Du côté paternel, “Rick” MacArthur a un arbre généalogique bien fourni. Son père John Roderick était un philanthrope célèbre, son grand-père John un homme d’affaires milliardaire qui a donné son nom à la prestigieuse fondation MacArthur, et son grand-oncle un metteur en scène à succès.
Mais lorsqu’il nous reçoit à Book Culture Upper West Side, la librairie dont il est l’investisseur, l’influent publisher du magazine Harper’s nous parle… de sa mère. Cette mère française, Christiane L’Entendart, qui lui a fait découvrir la littérature. “Si nous sommes ici aujourd’hui entourés par tout ça, dit-il en montrant les tables et les étagères débordant de livres, c’est grâce à elle” .
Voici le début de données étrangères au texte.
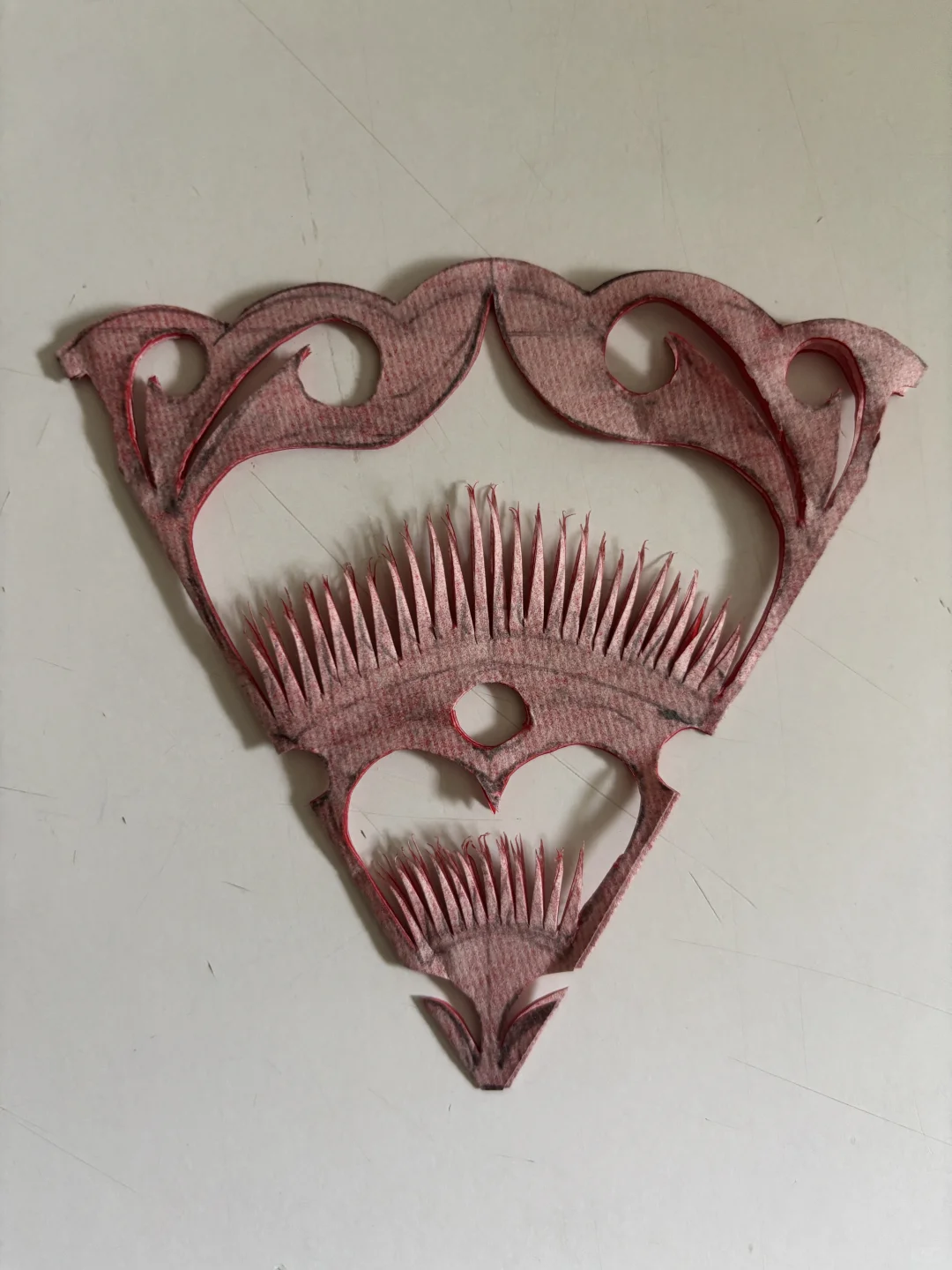 手工剪纸#六折剪纸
C’est aussi parce que Rick MacArthur est un ardent défenseur des “vrais livres imprimés” , fier de montrer au New York Times en 2014 qu’il utilisait des disquettes au travail. Il est, après tout, l’homme qui “hait l’internet” selon New York Magazine et qui a claqué la porte du conseil d’administration du journal de Columbia quand celui-ci a décidé de s’orienter vers le web. D’ailleurs, on ne peut pas s’abonner au site de son magazine Harper’s sans s’abonner à la version papier.
“Le gratuit nous détruit”
Il a investi dans Book Culture (fondée sous un nom diffèrent en 1997 par les Américains Chris Doeblin et Cliff Simms) fin 2014 pour répondre à la “soif” de l’Upper West Side pour les librairies indépendantes. “C’est le gratuit qui nous détruit, pas l’écran, déplore-t-il. C’est l’idée que l’écriture ne vaut rien et que tout le monde peut devenir écrivain. Je ne suis pas d’accord. Pour mener une vie d’écrivain, il faut être payé. Avec un vrai livre, l’auteur et l’éditeur reçoivent plus d’argent, plus de bénéfices, et je continue à penser qu’un livre physique a plus de force qu’un livre sur un écran” .
Cet amour du livre, Rick MacArthur le tient de sa mère, arrivée dans l’Upper West Side en 1952. “Ma mère a raté ses études à cause de la guerre. Mais mon grand-père, en bon bourgeois, avait une grande bibliothèque avec des livres partout. Il a permis à ses filles de lire tout, ce qui n’était pas fréquent. Elle a beaucoup beaucoup lu” .
“Je me suis précipité pour devenir français”
La famille MacArthur part vivre dans la banlieue de Chicago, où Rick grandit autour de “war brides” françaises, comme sa mère. “Je me suis immergé dans une culture d’exil” se souvient-il. Sa mère lui fait découvrir la mythologie grecque et, à 13 ans, le comte de Monte-Cristo qui “m’a submergé”.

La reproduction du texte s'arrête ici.